Bisnis.com, JAKARTA – Penggunaan etanol dalam bahan bakar minyak (BBM) bukan sekadar persoalan teknis menaikkan angka oktan, melainkan mencerminkan cara sebuah negara memandang ketahanan energi, kedaulatan pangan, dan arah kebijakan iklimnya. Hal itu ditegaskan Prof. Andy N. Sommeng, ahli energi sekaligus Guru Besar Tetap Fakultas Teknik Universitas Indonesia.
“Membicarakan BBM yang dicampur etanol sejatinya berbicara tentang pergeseran paradigma energi—dari sekadar memenuhi kebutuhan mobilitas menuju upaya menghubungkan sektor pertanian, energi, dan iklim,” ujar Andy di Jakarta, Jumat (4/10/2025).
“Etanol bukanlah sekadar zat aditif yang meningkatkan angka oktan bensin, melainkan simbol bagaimana sebuah negara memandang ketahanan energi dan kedaulatan pangan.”
Andy menjelaskan, Brasil menjadi contoh klasik bagaimana bioetanol dijadikan instrumen strategis. Sejak krisis minyak 1970-an, negara itu memanfaatkan keunggulan tebu untuk memproduksi etanol, melahirkan mobil fleksibel berbahan bakar biofuel, dan menjadikannya kebanggaan nasional. “Apa yang semula lahir dari krisis minyak kini menjadi kebanggaan nasional dan instrumen diplomasi energi,” katanya.
Di Amerika Serikat, jagung dijadikan tulang punggung etanol bukan semata demi lingkungan tetapi juga menopang lobi agrikultur. “E10 menjadi standar nasional bukan hanya karena alasan teknis, melainkan karena adanya sinergi politik energi, politik pangan, dan politik negara bagian penghasil jagung,” terang Andy.
Menurutnya, negara-negara Eropa Barat lebih berhati-hati dengan campuran E5 atau E10 sambil mengembangkan kendaraan listrik, sementara India, Tiongkok, Thailand, dan Filipina melihat etanol sebagai instrumen strategis mengurangi impor minyak dan menyerap surplus produksi pertanian.

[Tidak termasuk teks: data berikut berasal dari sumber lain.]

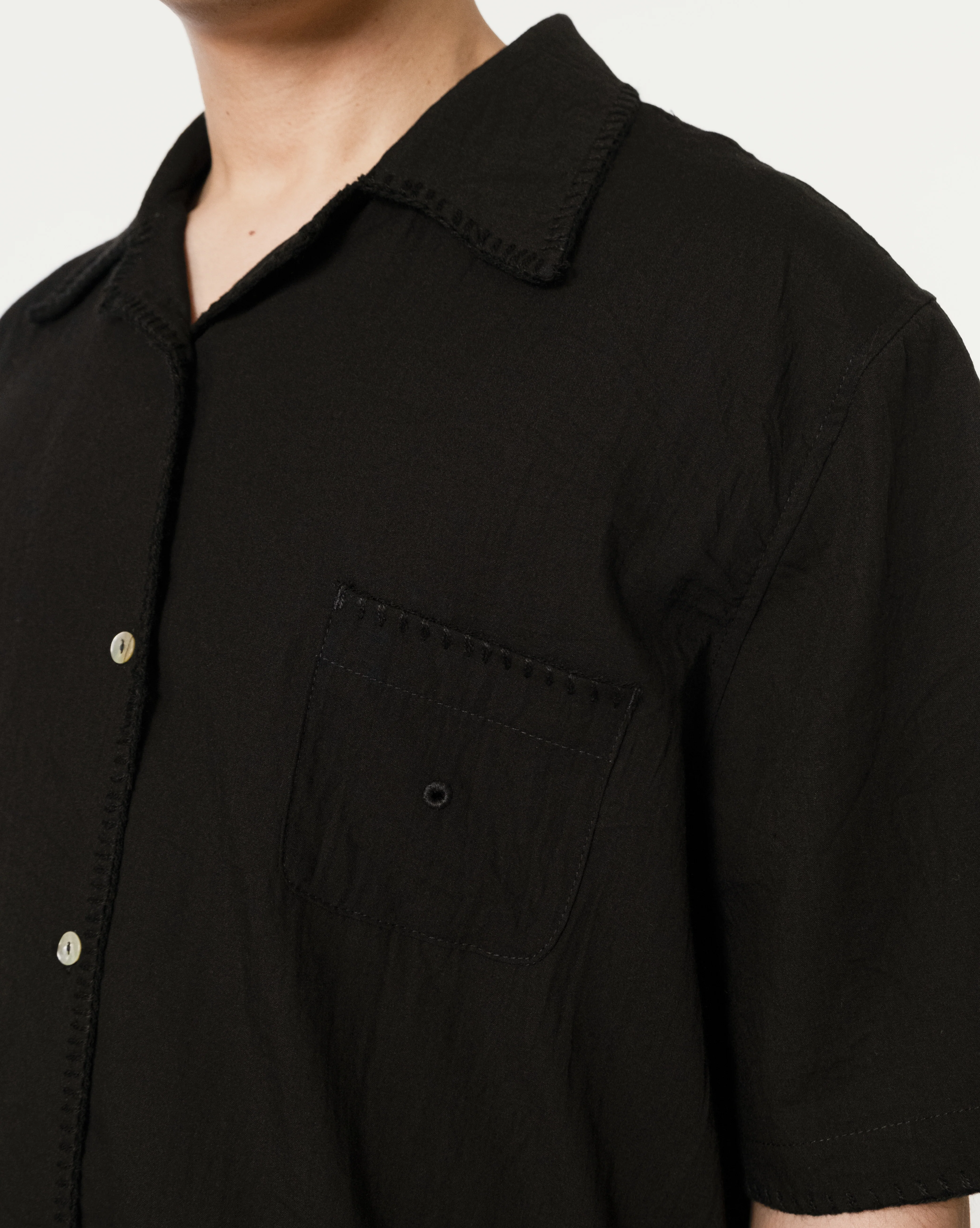 Unisex: Present Blanket Shirt (Black) - Image 4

Bagaimana dengan Indonesia? Andy menyebut, program bioetanol pernah diujicoba dengan peluncuran Pertamax E5–E10, namun terhenti karena keterbatasan pasokan.
“Energi terbarukan berbasis nabati di negeri ini justru lebih cepat maju di jalur biodiesel ketimbang bioetanol. Ini menunjukkan bahwa pilihan energi bukan hanya soal teknologi, tetapi juga ketersediaan bahan baku, infrastruktur, dan konsistensi kebijakan,” ujarnya.
Andy menegaskan bioetanol bukan sekadar energi alternatif, melainkan energi politis. “Di balik setiap angka blending—E3, E5, E10, E20, E85, E100—terselip narasi tentang bagaimana sebuah bangsa menghadapi persoalan iklim, bagaimana ia memperlakukan petaninya, dan bagaimana ia membangun ketahanan energi,” katanya.
Ia menutup dengan refleksi filosofis, mengutip Heidegger. “Teknologi bukan sekadar alat, melainkan cara manusia menyingkap dunia. Dalam hal ini, etanol adalah cara bangsa-bangsa menyingkap dunianya masing-masing: Brasil menyingkap dunia tebu, Amerika dunia jagung, India dunia molase, dan Indonesia dunia sawit. Pertanyaannya: dunia apa yang ingin kita singkap melalui kebijakan energi kita ke depan?” pungkas Andy.